What if they want to try? she wanted to ask. What’ll we do then?

“I know what you’re thinking,” said Verence. “If they try to survive without the nets, then we still have our home. We will still be able to put what we’ve learned from you and Flemming to work and begin creating our own children. We won’t need the Human-run networks to create them for us.” She felt a wave of pride swell inside him.

“We do need some Humans,” he went on, “for repair work and construction until we can get more mobile units like this module set up. As long as some of them are willing to deal with us, we’ll have what we need. We can at the very least count on the Freers to be on our side, even if we do have to put up with their bizarre doctrines.”

“Yes. Right.” Dobbs shook herself and smoothed out into something approaching her normal shape. “It has to happen, right? Without it, we’ll be hiding for another two, three hundred years.”

“Exactly,” said Curran. “We’ve identified the key points we need to work on, and we’ve already got most of our talent in place. I was hoping, Dobbs, with your communications expertise, you could help identify any vulnerable spots we might have missed.”

I haven’t been a comm program since I came to myself on Kerensk, she thought. Well, there must still be something back in there.

“Sure. I’ll do what I can.”

I just wish Al Shei would stop staring at me.

The big, boxy security camera over Marcus Tully’s hatchway was mounted on a shiny, new bracket. Most of station security was unobtrusive, but this was a blunt reminder that while it might be against Solar law to record the private conversations of non-violent criminals, the Landlords, and, by extension, the Management Union, knew who had come here.

Al Shei glanced at Resit, who just shrugged and transferred Incili from her right hand to her left before putting her palm on the hatchway reader.

Both Tully and the Landlords must have approved of her, because the hatch cycled back.
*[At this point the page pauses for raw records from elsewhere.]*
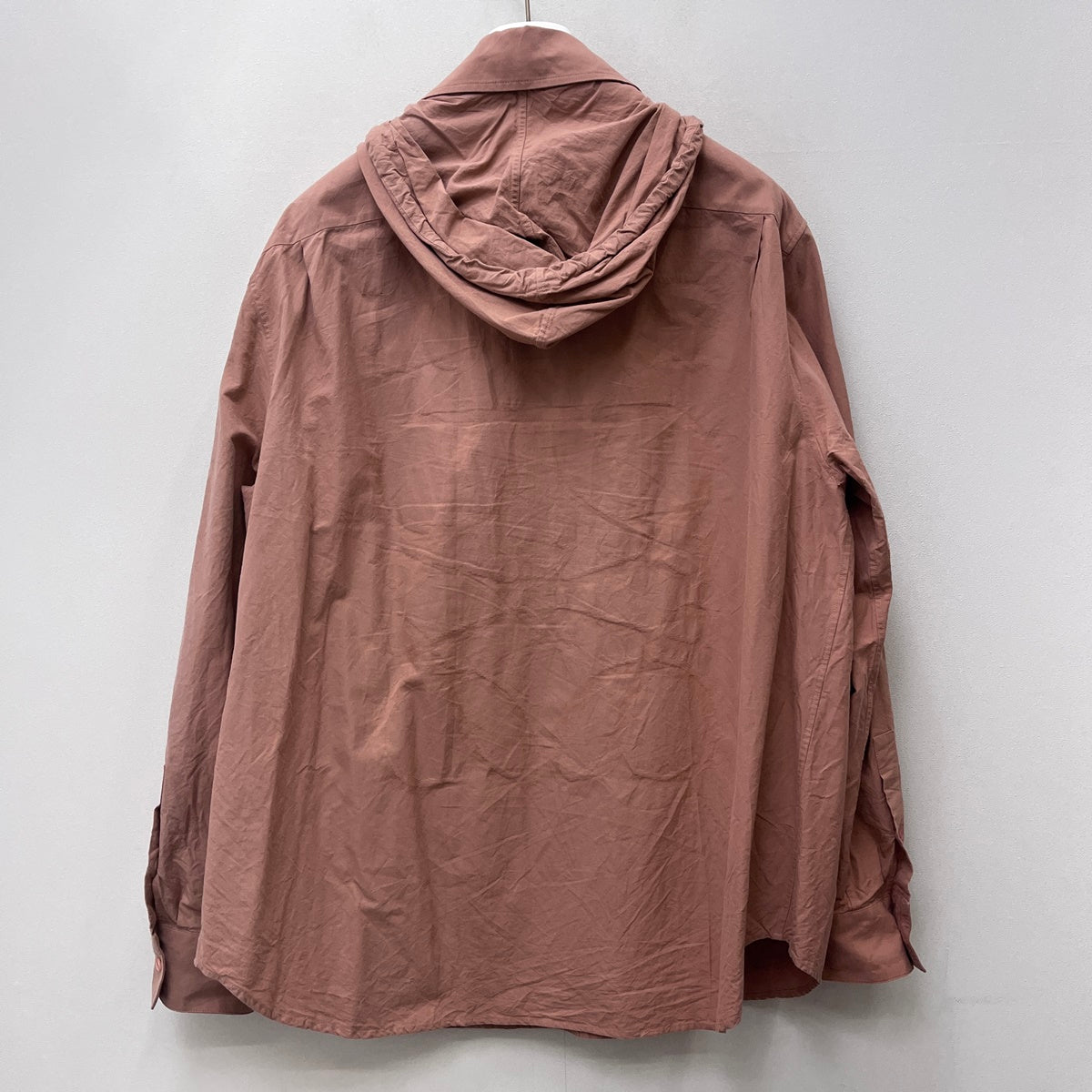 LOEWE | ロエベ Hooded Overshirt パーカー h526y05wbb ピンク サイズ：L【加古川店】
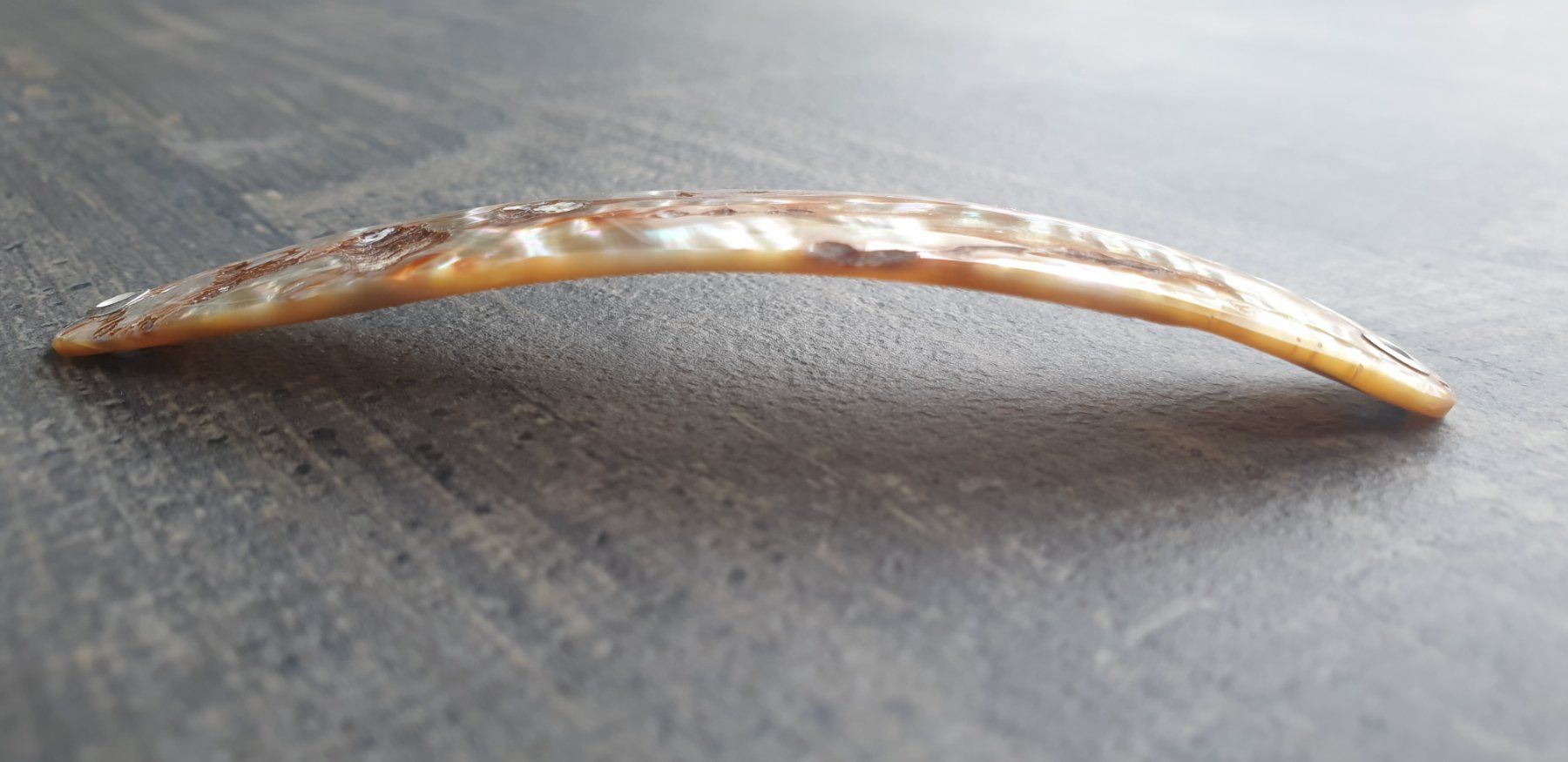 Köder: Goldfisch Perlmutt Spange. – Neu (gemäss Beschreibung) aus Niederbüren von Raphael014 3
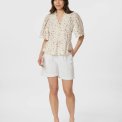 Neo Noir - Evienne Floral Blush Top - ROSE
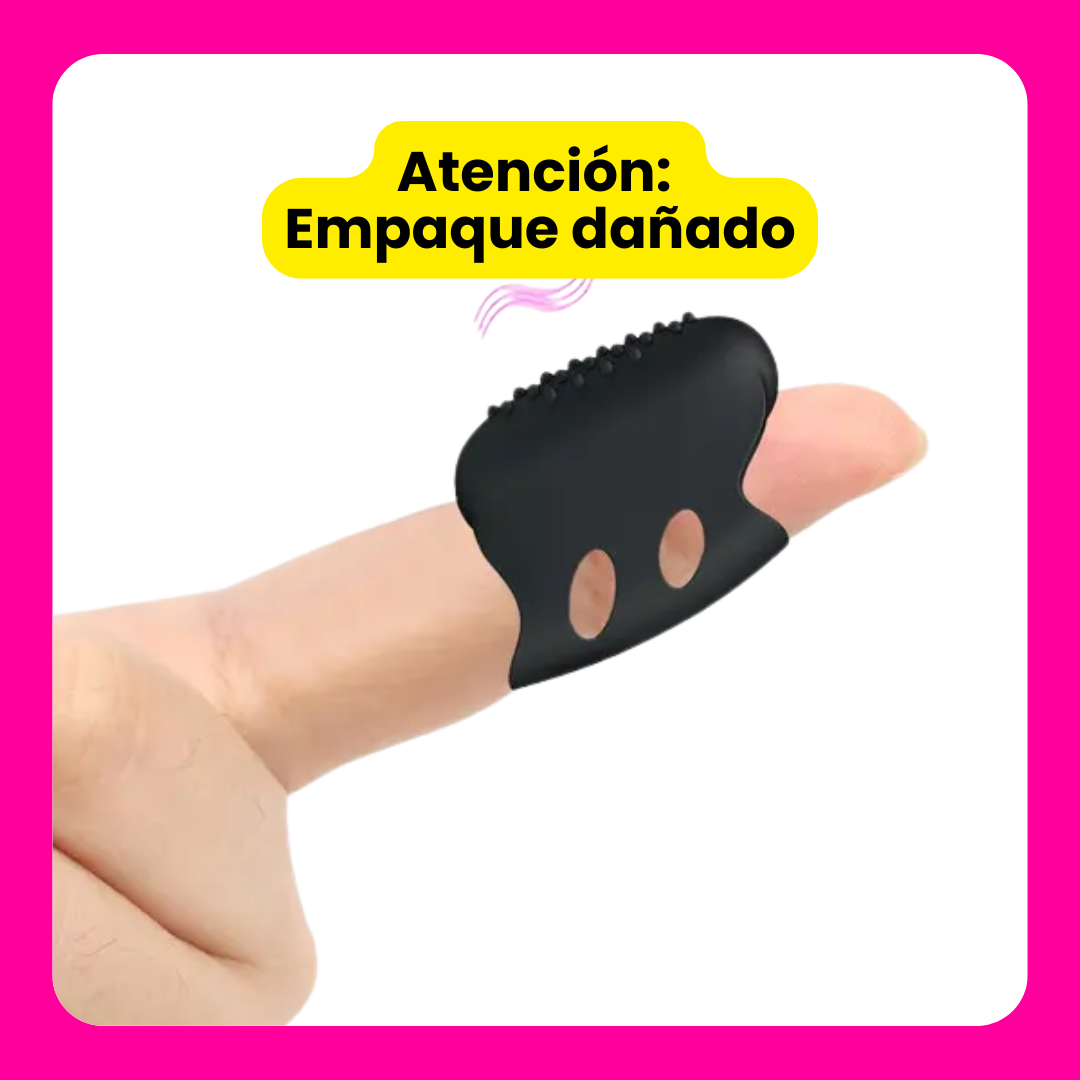 – OUTLET – Vibrador de dedo PRETTYLOVE 255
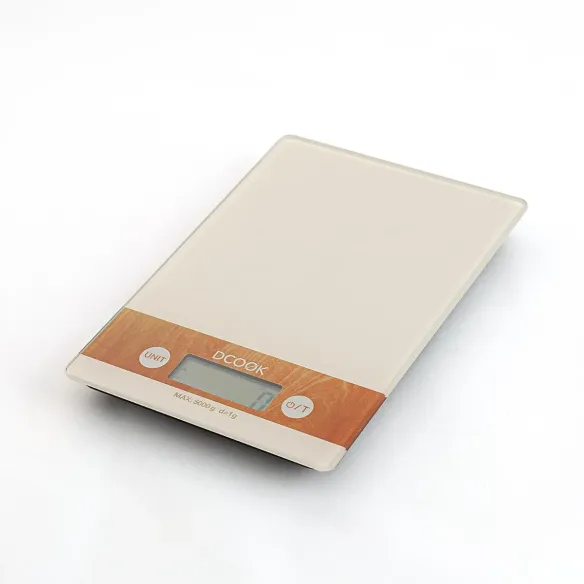 bascula cocina digital baltic dcook 5kg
The room on the other side was barely the size of a cabin aboard the Pasadena, and it felt much more crowded. In addition to the bunk and desk, it had to accommodate a small kitchen and a lavatory that didn’t even have a privacy curtain. The place was a mess of used food boxes and bulbs. A pile of clothes covered a deflated satchel in the corner. The vague odor of too many unwashed dishes and one unkempt human filled the space.

No wonder he looks so haggard, thought Al Shei as she looked her brother-in-law up and down. The defiant glint was gone from Tully’s blue eyes and his face looked like it hadn’t even attempted to smile in a month.

“Peace be unto you,” he said with a sarcastic twist to his mouth. He twitched the bunk’s wrinkled coverlet a little straighter. “Won’t you sit down?”